** About this exercise **
Your copy should begin at the line containing "Външнотърговското Нов Продукт" and end at the last line of the records below, matching each line exactly and leaving out pictures.

** Opening Study material block **

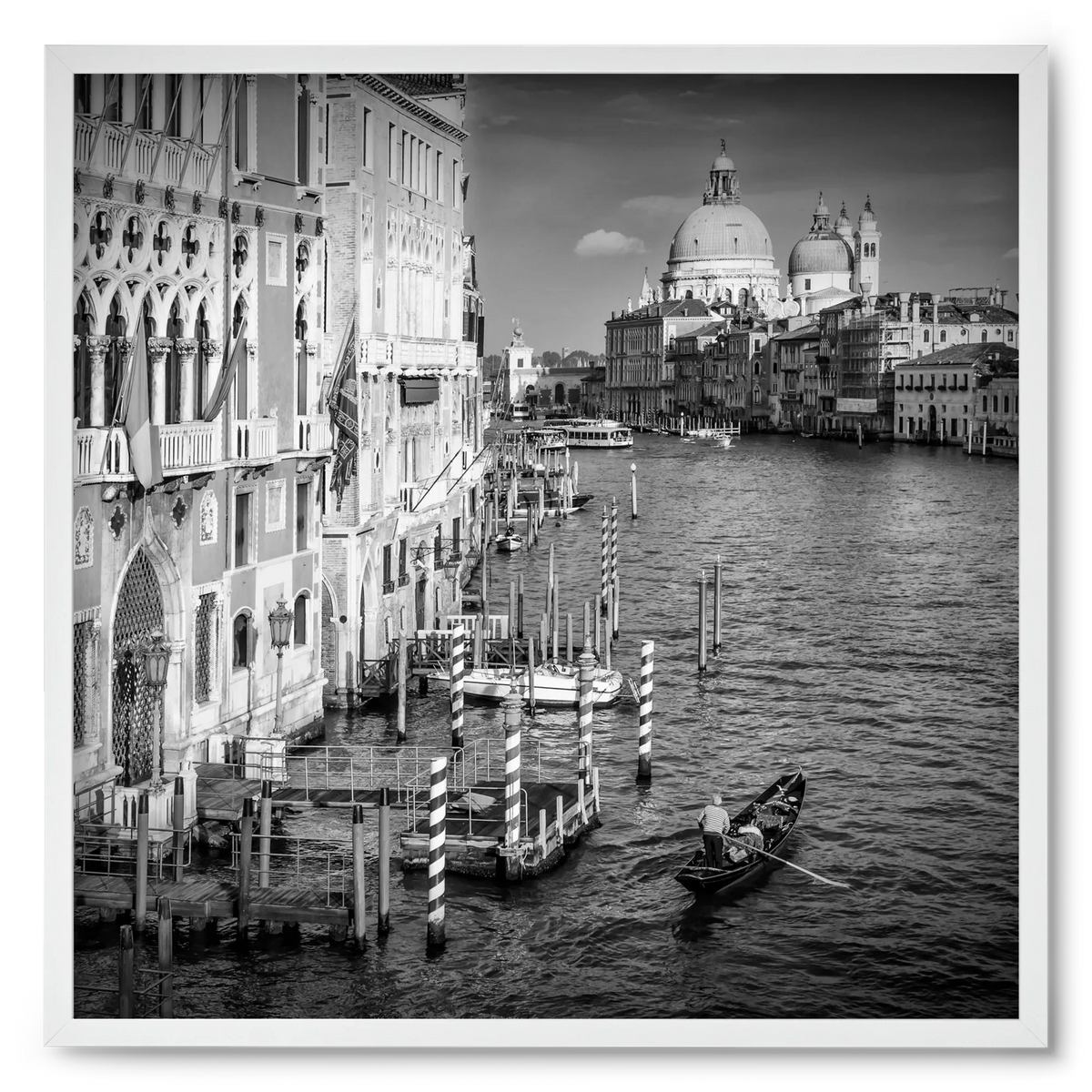 VENICE Canal Grande & Santa Maria della Salute | Monochrome - artbridge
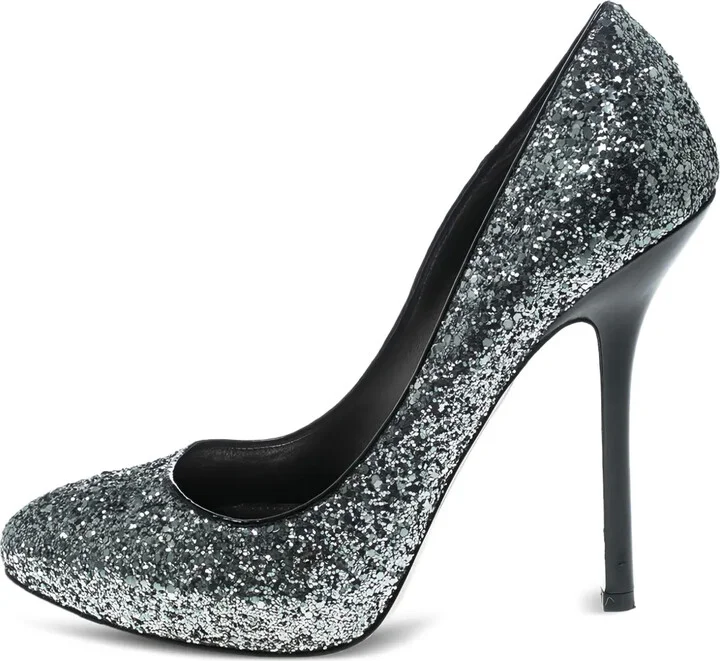 130mm Glittered Pumps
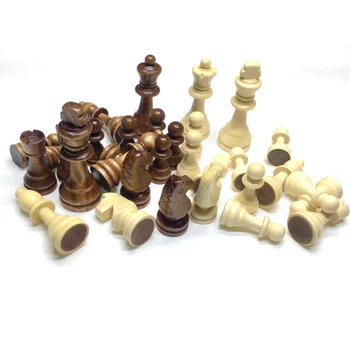 Външнотърговското Нов Продукт 3,5-Инчов Дървена Шахматна Фигура Дървена Шахматна Фигура Единичен Срещата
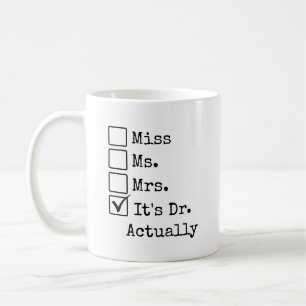 Café Taza personalizada de graduación de DR, regalo de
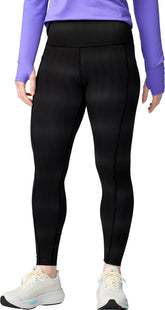 Brooks Chaser Womens 7/8 Running Tights - Black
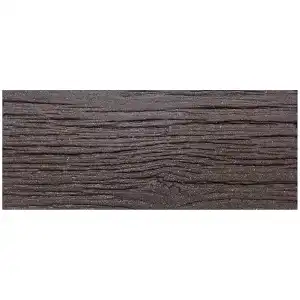 Dalle extérieure imitation bois - Caoutchouc recyclé L.60 x l.25cm - Marron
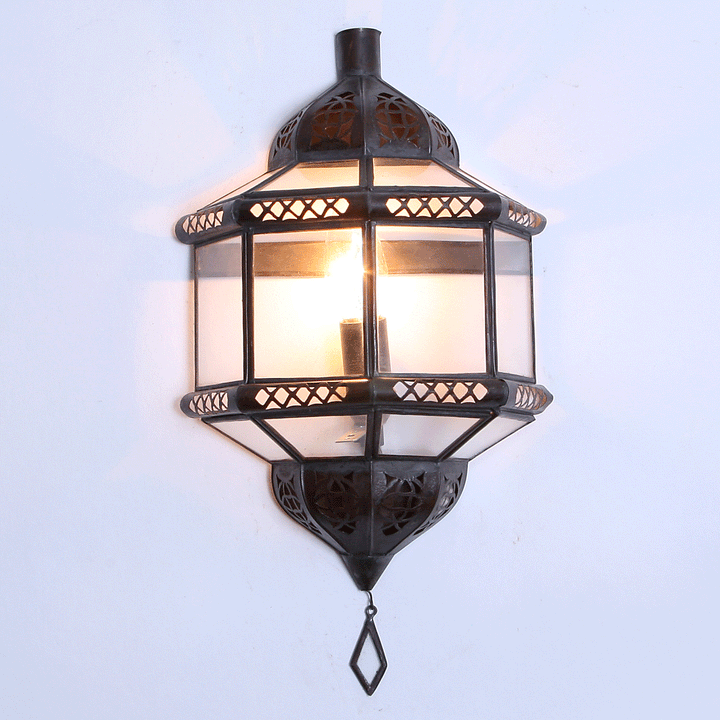 Lámpara de pared de Marruecos Trombi transparente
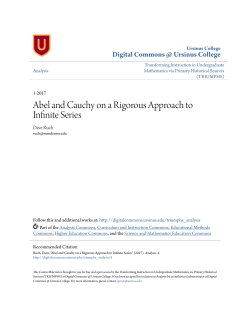 Abel and Cauchy on a Rigorous Approach to Infinite Series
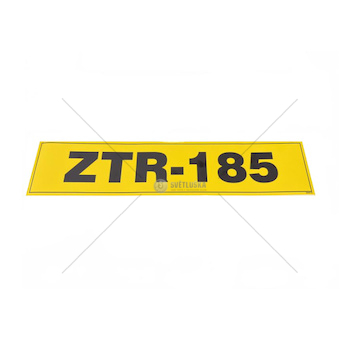 Etiketa ŽTR-185 E0300718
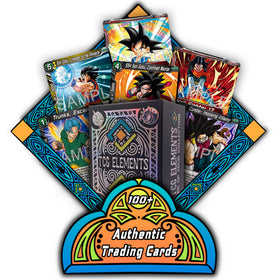 TCG Elements Dragon Ball Super Masters Starter Bundle - foil cards add shine to your collection.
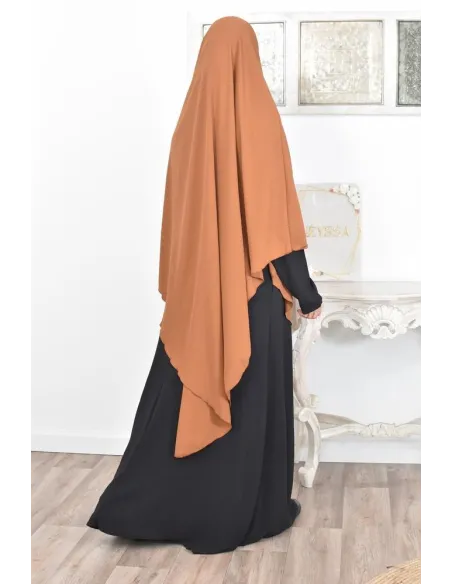 Long khimar pointu pour femme musulmane hijab légiféré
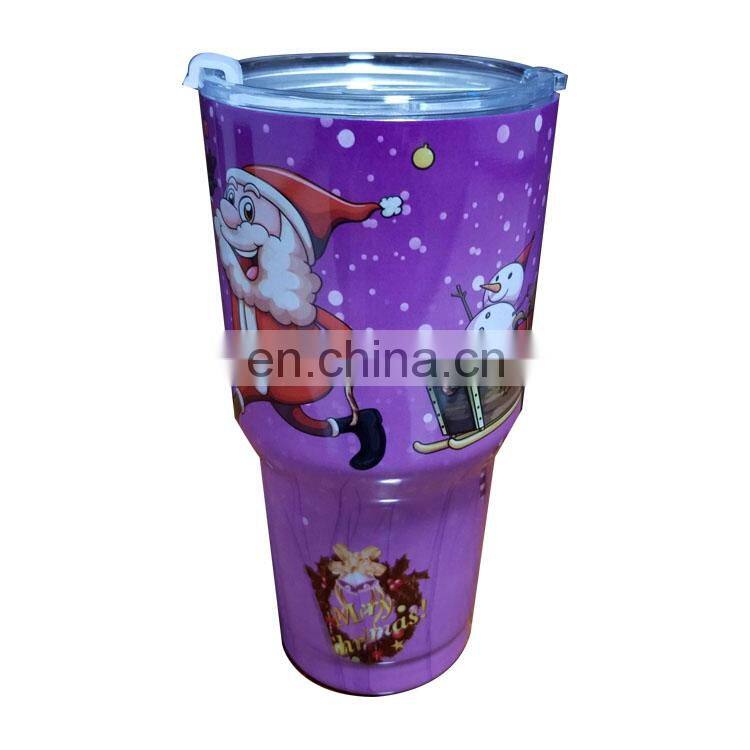 Wholesale Christmas 30oz Stainless Steel Sport Drinking Tumbler Cups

** Closing Study material block **

** Finished exercise **
 Външнотърговското Нов Продукт 3,5-Инчов Дървена Шахматна Фигура Дървена Шахматна Фигура Единичен Срещата
 Café Taza personalizada de graduación de DR, regalo de
 Brooks Chaser Womens 7/8 Running Tights - Black
 Dalle extérieure imitation bois - Caoutchouc recyclé L.60 x l.25cm - Marron
 Lámpara de pared de Marruecos Trombi transparente
 Abel and Cauchy on a Rigorous Approach to Infinite Series
 Etiketa ŽTR-185 E0300718
 TCG Elements Dragon Ball Super Masters Starter Bundle - foil cards add shine to your collection.
 Long khimar pointu pour femme musulmane hijab légiféré
 Wholesale Christmas 30oz Stainless Steel Sport Drinking Tumbler Cups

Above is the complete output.